» THE RECORDS:
------
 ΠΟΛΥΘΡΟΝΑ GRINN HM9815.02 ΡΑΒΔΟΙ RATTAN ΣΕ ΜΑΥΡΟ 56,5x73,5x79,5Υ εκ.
------
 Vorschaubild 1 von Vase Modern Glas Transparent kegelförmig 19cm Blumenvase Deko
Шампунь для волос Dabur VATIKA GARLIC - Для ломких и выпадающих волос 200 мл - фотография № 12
------
Reproduce exactly the stretch of the material above that starts at the line with "Vorschaubild 1 von" and ends at the line with "Шампунь для волос", both included, and nothing else.

 Vorschaubild 1 von Vase Modern Glas Transparent kegelförmig 19cm Blumenvase Deko
Шампунь для волос Dabur VATIKA GARLIC - Для ломких и выпадающих волос 200 мл - фотография № 12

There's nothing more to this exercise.